PROBLEM TO SOLVE:
Exact reproduction required: the lines below from the line with "Roorkee Accident News" to the line with "65 Street Photos", both ends included, and no others.

■ ■ ■ ■ ■

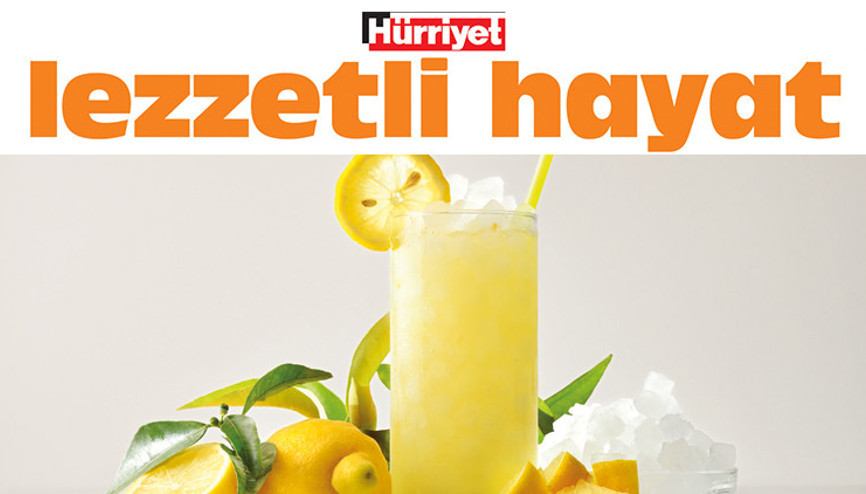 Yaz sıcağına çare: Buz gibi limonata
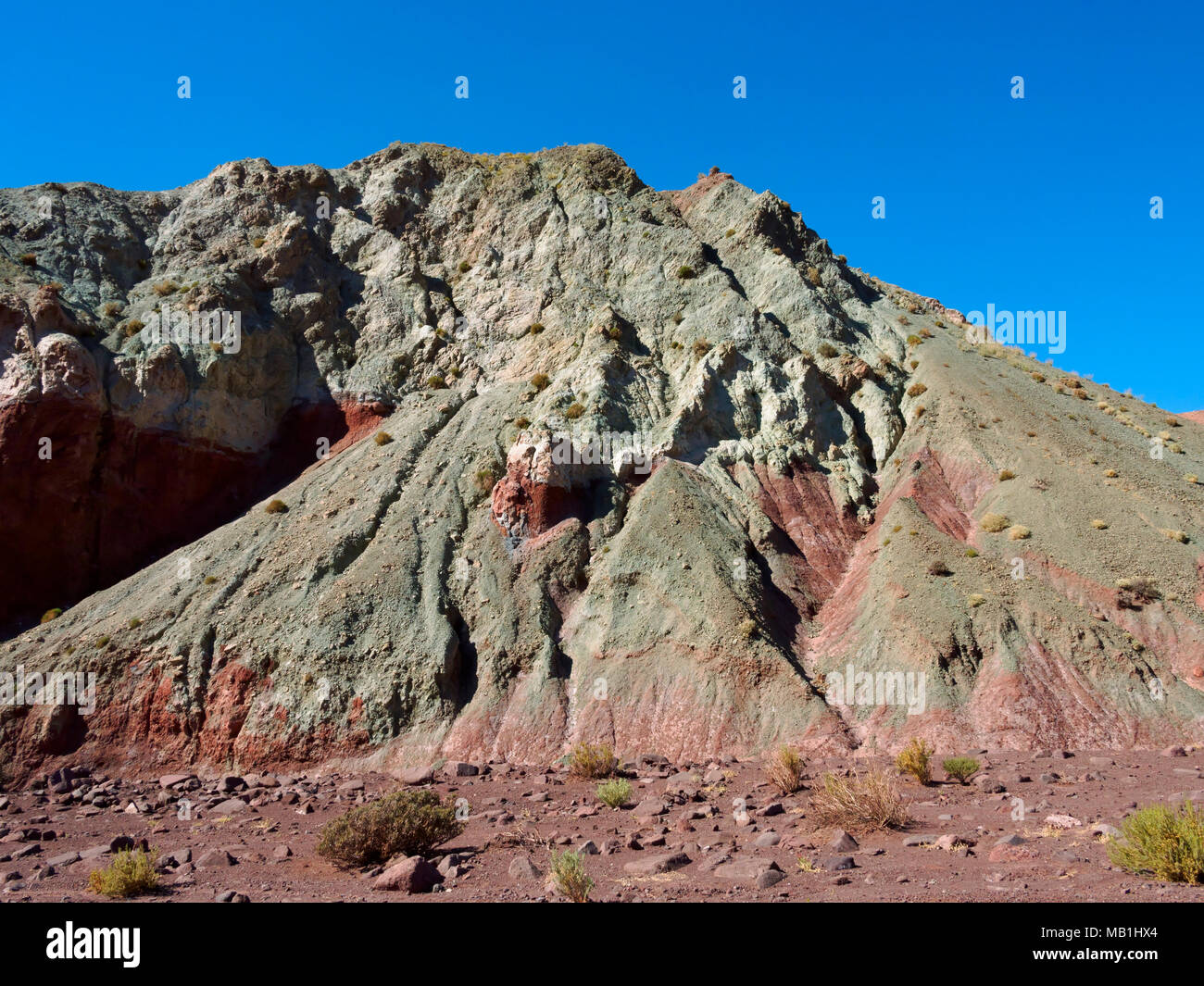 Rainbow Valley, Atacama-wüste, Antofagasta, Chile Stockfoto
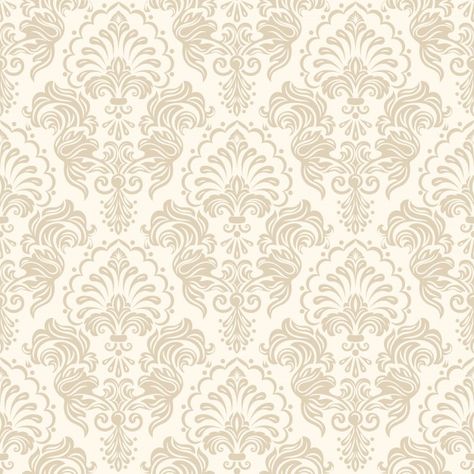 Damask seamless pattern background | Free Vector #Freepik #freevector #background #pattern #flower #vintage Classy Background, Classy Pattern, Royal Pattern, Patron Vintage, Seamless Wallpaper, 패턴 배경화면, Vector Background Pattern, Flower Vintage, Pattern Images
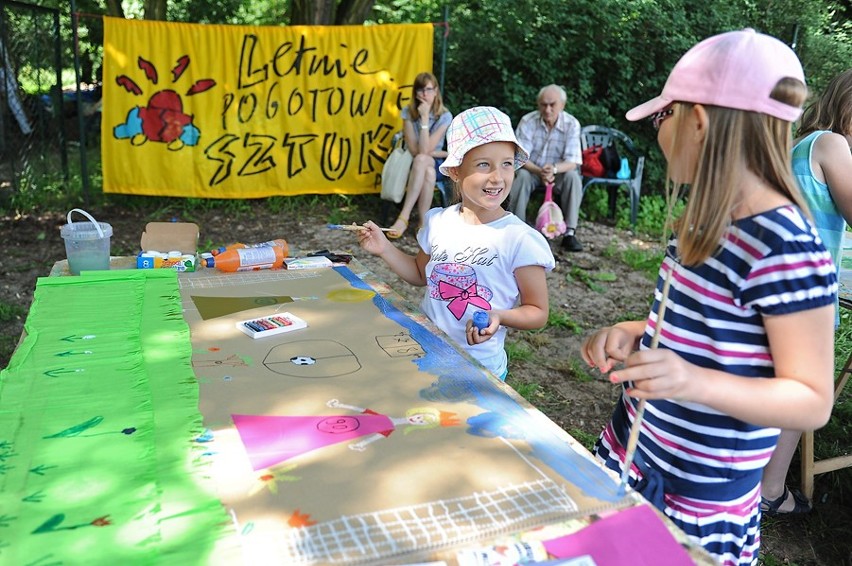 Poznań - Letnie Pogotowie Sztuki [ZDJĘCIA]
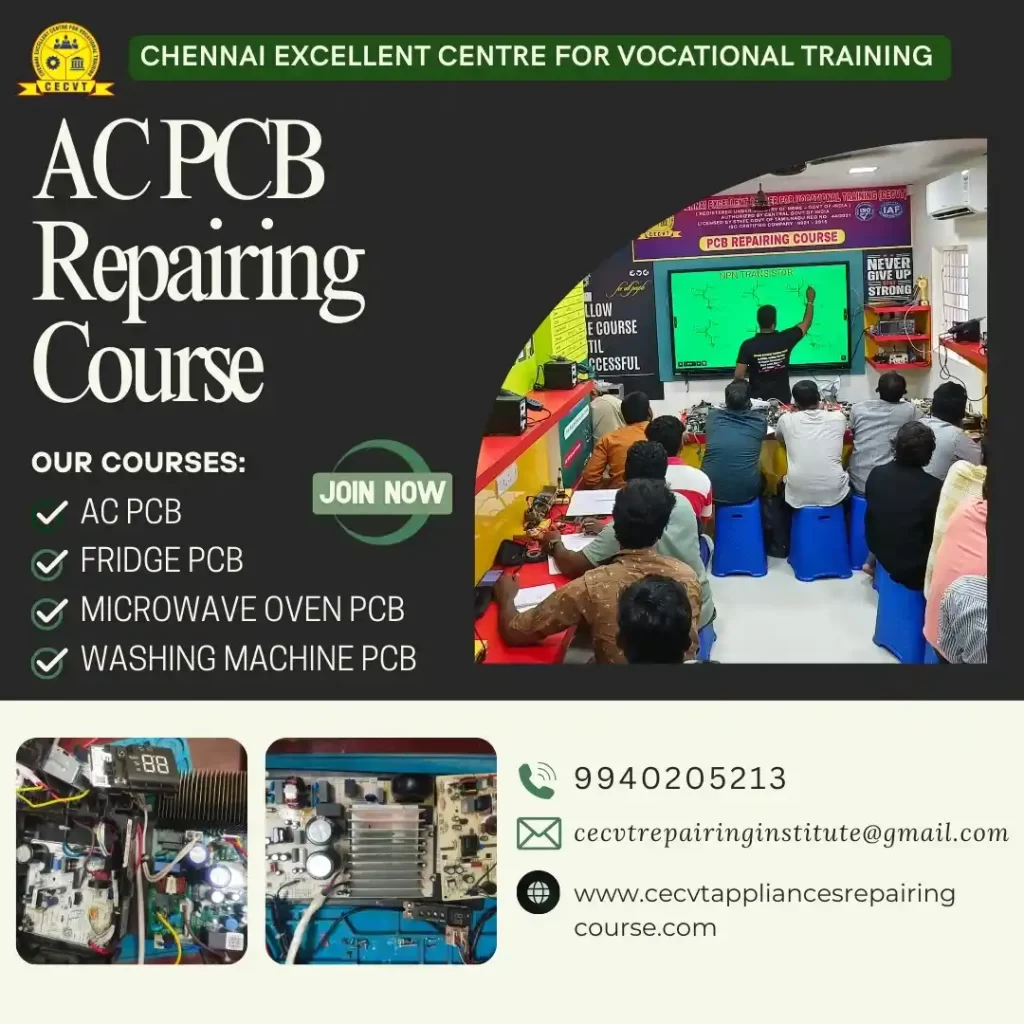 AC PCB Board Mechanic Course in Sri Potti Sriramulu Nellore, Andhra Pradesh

■ ■ ■ ■ ■

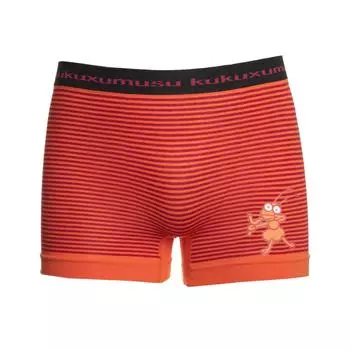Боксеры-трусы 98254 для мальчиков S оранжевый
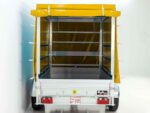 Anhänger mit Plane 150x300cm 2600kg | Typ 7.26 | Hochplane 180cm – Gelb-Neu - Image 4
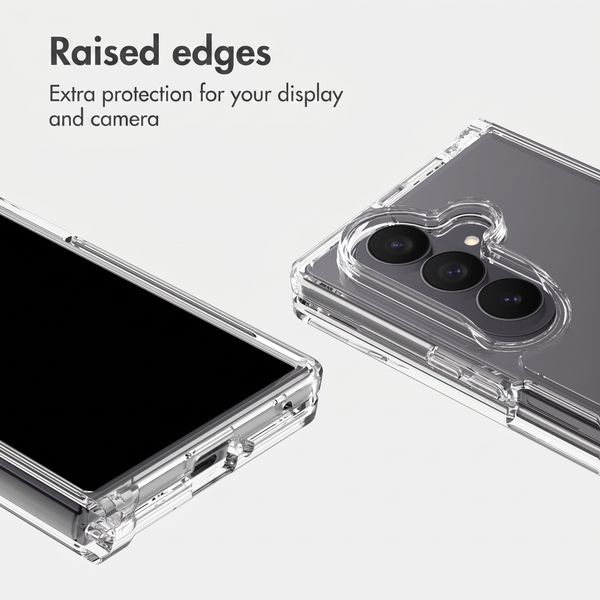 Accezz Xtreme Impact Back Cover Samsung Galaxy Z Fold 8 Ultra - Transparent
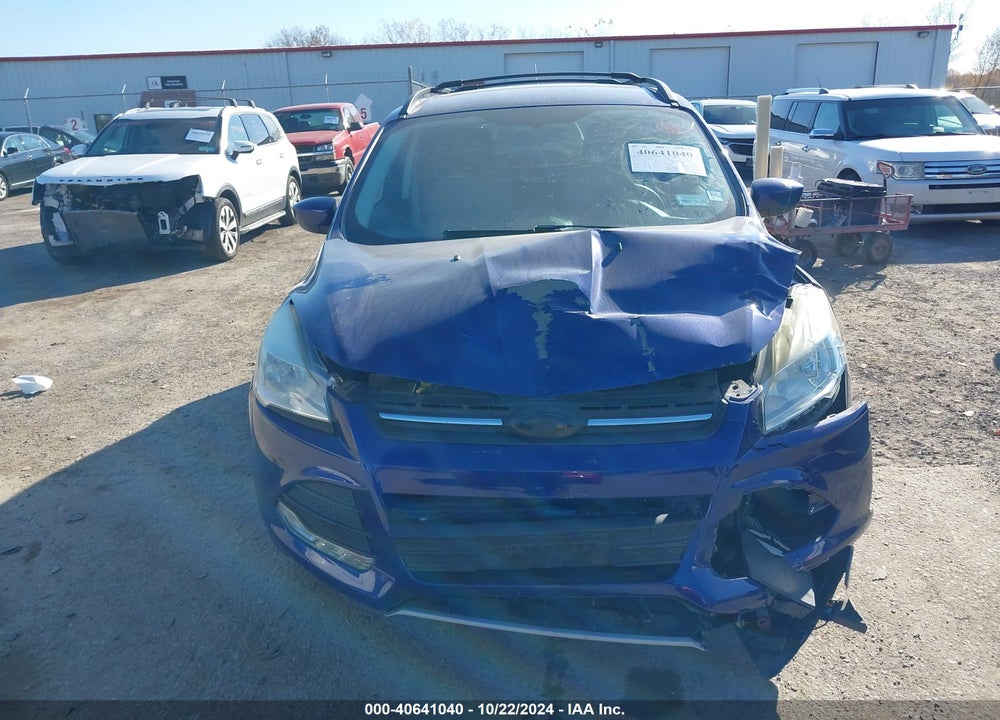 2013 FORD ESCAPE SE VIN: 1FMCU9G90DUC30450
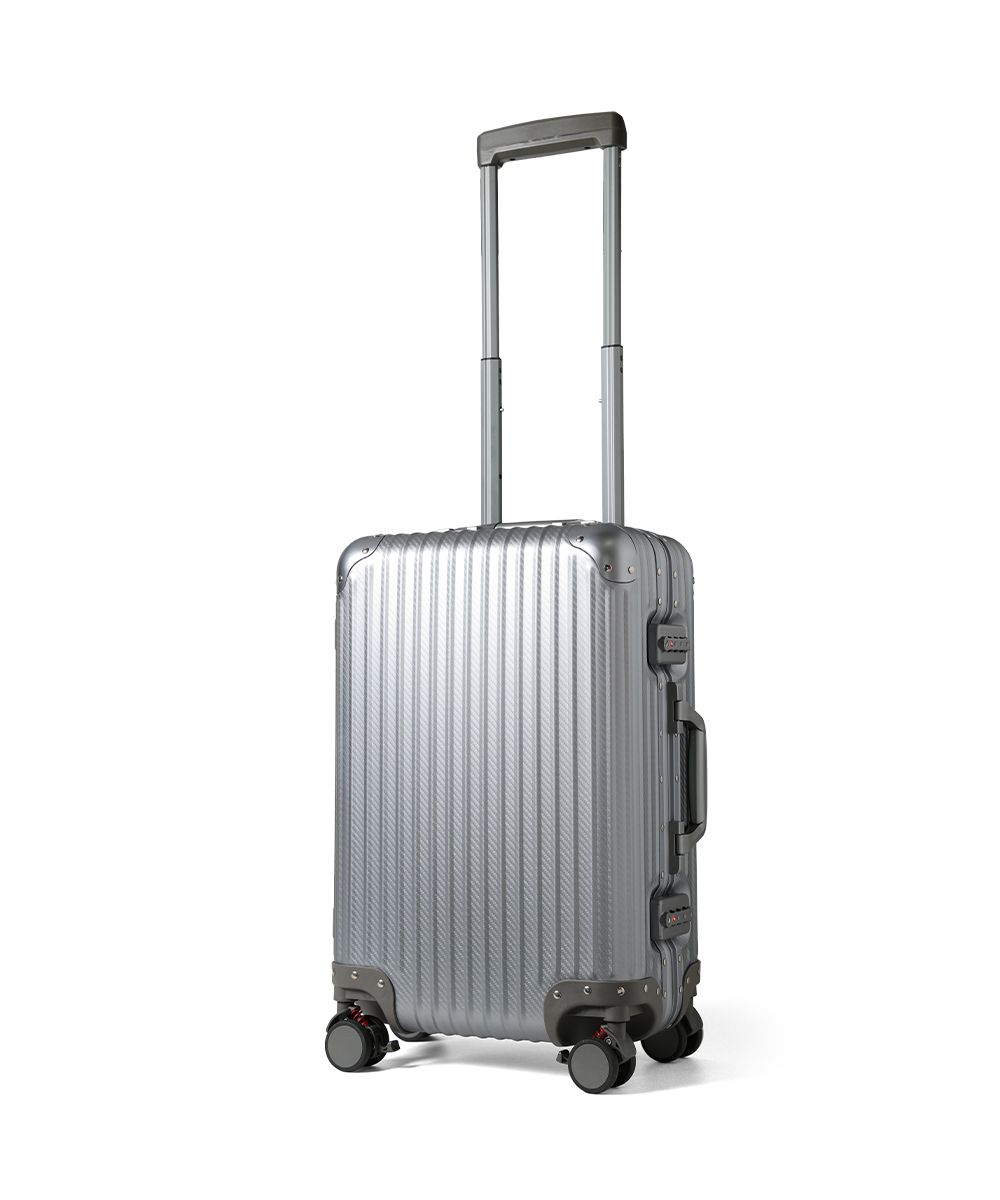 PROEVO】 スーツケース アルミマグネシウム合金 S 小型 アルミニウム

■ ■ ■ ■ ■

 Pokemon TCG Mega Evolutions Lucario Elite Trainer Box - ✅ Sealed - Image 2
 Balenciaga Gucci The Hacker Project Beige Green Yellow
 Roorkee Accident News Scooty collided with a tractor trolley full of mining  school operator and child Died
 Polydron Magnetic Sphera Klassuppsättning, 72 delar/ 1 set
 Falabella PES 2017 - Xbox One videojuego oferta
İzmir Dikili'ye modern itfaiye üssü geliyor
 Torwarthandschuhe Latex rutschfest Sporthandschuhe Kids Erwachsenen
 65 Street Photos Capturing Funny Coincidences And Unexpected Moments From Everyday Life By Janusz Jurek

■ ■ ■ ■ ■

RESULT:
 Roorkee Accident News Scooty collided with a tractor trolley full of mining  school operator and child Died
 Polydron Magnetic Sphera Klassuppsättning, 72 delar/ 1 set
 Falabella PES 2017 - Xbox One videojuego oferta
İzmir Dikili'ye modern itfaiye üssü geliyor
 Torwarthandschuhe Latex rutschfest Sporthandschuhe Kids Erwachsenen
 65 Street Photos Capturing Funny Coincidences And Unexpected Moments From Everyday Life By Janusz Jurek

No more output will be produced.